--- Dataset content Enclosed Below ---

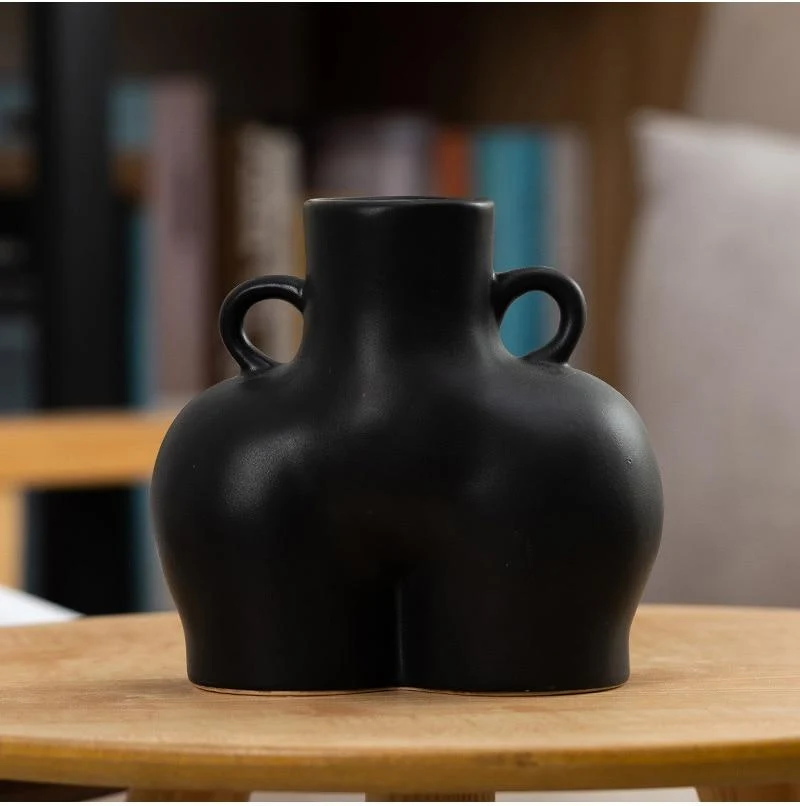 Creative nordique céramique Simulation corps Art Vase fleur séchée arrangement de plantes Vases ornement décoration de la maison artisanat ameublement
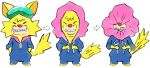  1boy animal_ears blue_jumpsuit cat cat_boy cat_ears cat_tail fang furry furry_male goggles goggles_on_head jumpsuit lowres official_art open_mouth red_nose spitz tail takeuchi_kou third-party_source warioware warioware:_get_it_together! yellow_fur 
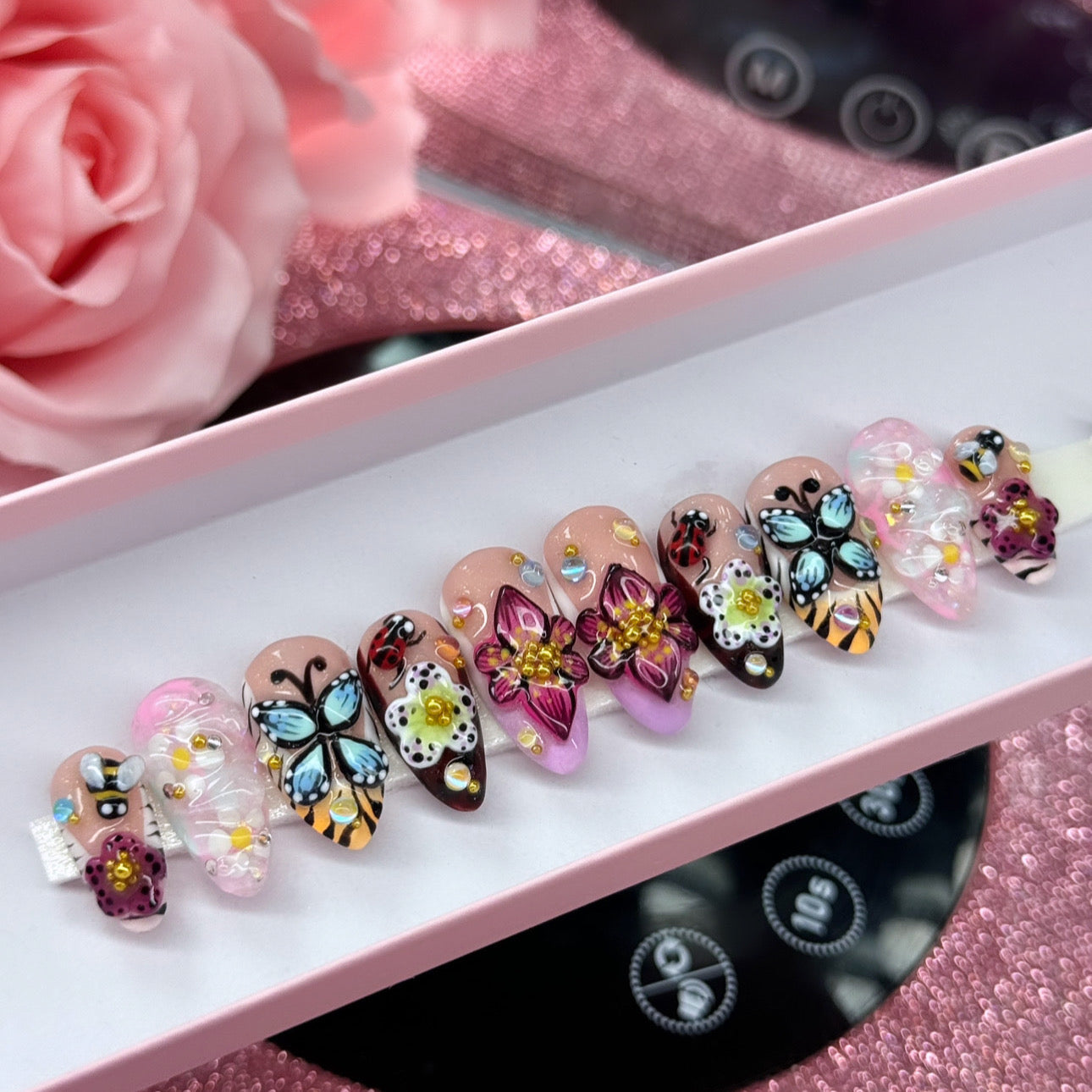 Acrylic Cute Y2K Spring 3D Sculpted Gel Press On Nails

--- End of Enclosed Dataset content ---

### Task details
A faithful copy of all the data above is required, printed exactly and with no pictures.

### Response
 Creative nordique céramique Simulation corps Art Vase fleur séchée arrangement de plantes Vases ornement décoration de la maison artisanat ameublement
  1boy animal_ears blue_jumpsuit cat cat_boy cat_ears cat_tail fang furry furry_male goggles goggles_on_head jumpsuit lowres official_art open_mouth red_nose spitz tail takeuchi_kou third-party_source warioware warioware:_get_it_together! yellow_fur 
 Acrylic Cute Y2K Spring 3D Sculpted Gel Press On Nails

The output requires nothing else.